Exercise instructions - Each line from the one containing "DAYCO ремень клиновый 13A1075C" to the end of the records should be copied exactly, and no other line.

******

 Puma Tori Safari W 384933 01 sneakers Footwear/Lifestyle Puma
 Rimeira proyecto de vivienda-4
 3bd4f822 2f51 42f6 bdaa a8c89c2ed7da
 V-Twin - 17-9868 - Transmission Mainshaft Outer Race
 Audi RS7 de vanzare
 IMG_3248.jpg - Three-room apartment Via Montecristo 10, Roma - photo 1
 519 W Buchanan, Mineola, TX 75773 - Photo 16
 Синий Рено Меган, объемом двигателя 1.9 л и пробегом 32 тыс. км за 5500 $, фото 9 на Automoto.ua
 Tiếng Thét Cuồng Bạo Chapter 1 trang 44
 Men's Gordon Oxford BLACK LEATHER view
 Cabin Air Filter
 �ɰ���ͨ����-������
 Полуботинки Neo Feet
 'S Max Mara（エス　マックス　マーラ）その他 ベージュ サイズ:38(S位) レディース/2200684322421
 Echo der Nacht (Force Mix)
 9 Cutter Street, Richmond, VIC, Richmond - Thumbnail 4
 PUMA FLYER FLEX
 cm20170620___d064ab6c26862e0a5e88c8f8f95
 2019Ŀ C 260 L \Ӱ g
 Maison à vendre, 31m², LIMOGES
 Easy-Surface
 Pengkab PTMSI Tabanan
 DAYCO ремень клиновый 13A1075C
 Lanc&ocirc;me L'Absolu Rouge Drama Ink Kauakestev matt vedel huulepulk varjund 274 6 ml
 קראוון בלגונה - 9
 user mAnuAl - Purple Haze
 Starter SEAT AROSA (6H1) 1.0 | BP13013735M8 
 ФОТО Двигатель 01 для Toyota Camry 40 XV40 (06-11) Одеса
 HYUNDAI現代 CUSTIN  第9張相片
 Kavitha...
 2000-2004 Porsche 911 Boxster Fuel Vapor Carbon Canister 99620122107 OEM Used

******

Exercise response -
 DAYCO ремень клиновый 13A1075C
 Lanc&ocirc;me L'Absolu Rouge Drama Ink Kauakestev matt vedel huulepulk varjund 274 6 ml
 קראוון בלגונה - 9
 user mAnuAl - Purple Haze
 Starter SEAT AROSA (6H1) 1.0 | BP13013735M8 
 ФОТО Двигатель 01 для Toyota Camry 40 XV40 (06-11) Одеса
 HYUNDAI現代 CUSTIN  第9張相片
 Kavitha...
 2000-2004 Porsche 911 Boxster Fuel Vapor Carbon Canister 99620122107 OEM Used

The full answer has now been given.